Health Trust may face corporate manslaughter charge as mum claims her son was allowed to starve to death
A charge of corporate manslaughter is being considered against Belfast Health Trust in relation to the death of a 22-year-old man in the City Hospital.
Sean Paul Carnahan died five months after being admitted to hospital with a brain injury following a suicide attempt in 2012.
A number of failings in the west Belfast man's care were found during a review of his treatment by the Trust, a preliminary inquest was told yesterday.
Some of the failings related to nutritional management and record-keeping by nursing staff.
His heartbroken mother Tracy Carnahan has accused the Trust of allowing her son "starve to death".
A report by the review team concluded that "a number of actions/omission" have been identified "which may have contributed to a negative outcome for the patient".
The report added: "However, a more important problem in the team's view was the lack of a timely multidisciplinary approach to planning care which may have avoided some of the individual problems that arose."
On the back of the report the PSNI is to meet the Public Prosecution Service (PPS) next week to consider if corporate manslaughter charges against the Trust should be pursued.
Police launched an investigation last year following a complaint by Sean Paul's mother.
A lawyer for the Carnahan family told the court yesterday that "there is compelling evidence here for the police to take forward their investigation".
Mr Carlin also criticised the Trust for failing to offer any apology to the Carnahan family.
"There's no apology from the Trust or expression of sympathy. There is not even the use of the word death. It talks about the 'negative outcome'," he added. A lawyer for the Belfast Trust insisted however: "Corporate manslaughter is unlikely to be a finding when one considers the treatment of Sean Paul."
Sean Paul, from the Beechmount area, was admitted to Belfast City hospital in March 2013 following a suicide attempt. He had been a regular user of legal highs and was left brain-damaged by the suicide attempt. He died five months later in hospital.
Tracy said she believed her son may still be alive today had he received better medical care.
"Sean Paul died of starvation because staff gave up on him. I had to watch my child waste away in front of me. He was five stone when he died.
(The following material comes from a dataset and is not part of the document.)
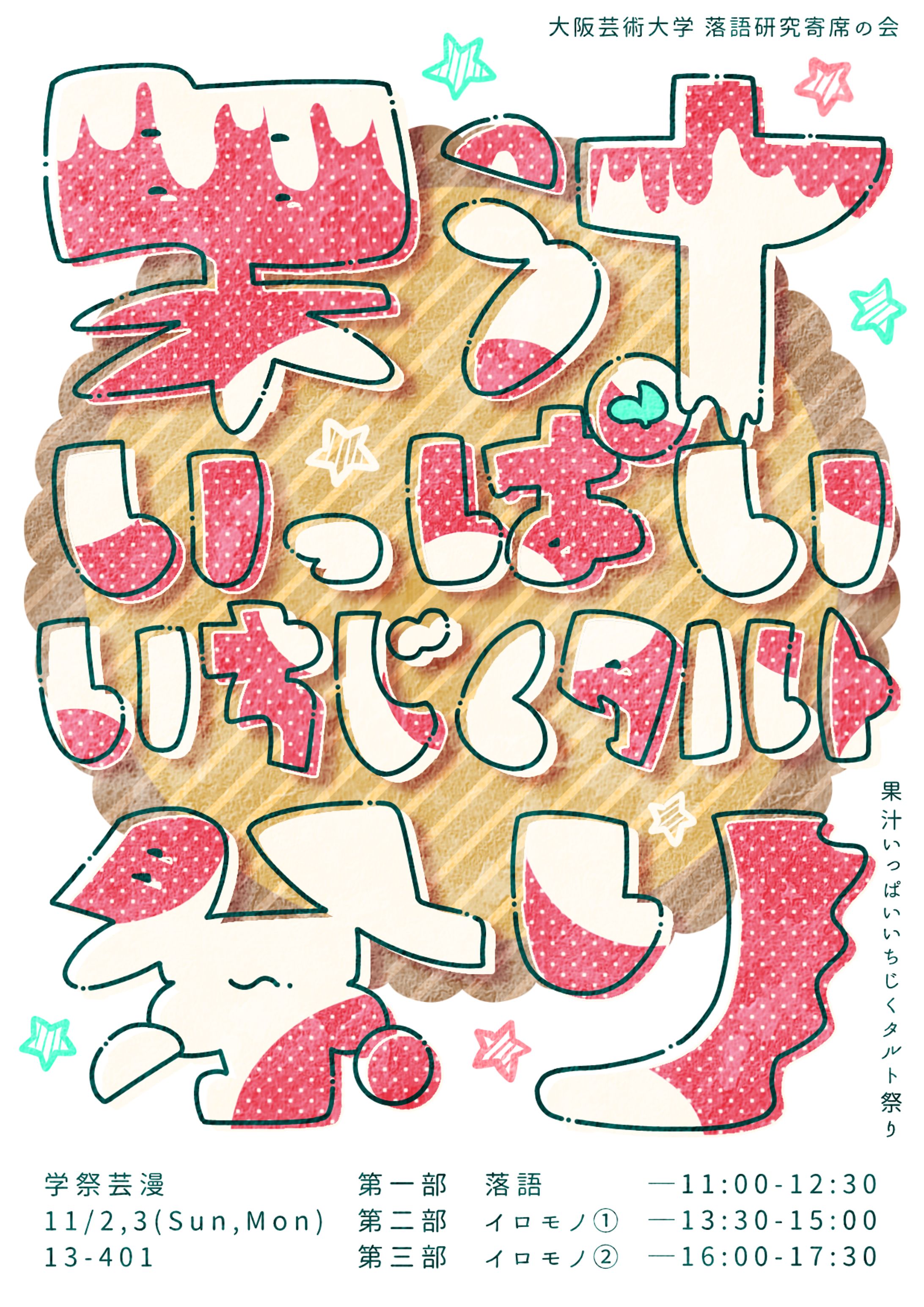 学祭芸漫「果汁いっぱいいちじくタルト祭り」-1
I don't know if Sean Paul would ever have walked out of that hospital, but he should have been given a chance," said Tracy.
The mother-of-six added: "We are not a Third World country so I find it hard to accept the poor level of care my son was given. I just want people held accountable for Sean Paul's death. It was horrific watching him die.
"I have been left devastated. My kids are devastated. The whole family has been pulled apart. It is also so hurtful that in the report the Trust refers to the 'negative outcome', not Sean Paul's death. A negative outcome is missing a bus, not your son's death."
Belfast Health Trust said it "would like to extend our sympathy to the Carnahan family on the sad death of Sean Paul".
The Trust added: "We recognise how difficult this process is for the family. We will continue to work with the PSNI and the coroner during this investigation. However, we cannot discuss the detail of the case further."
The inquest was adjourned for five weeks to allow the PSNI and PPS time to consider whether charges should be brought against Belfast Health and Social Care Trust.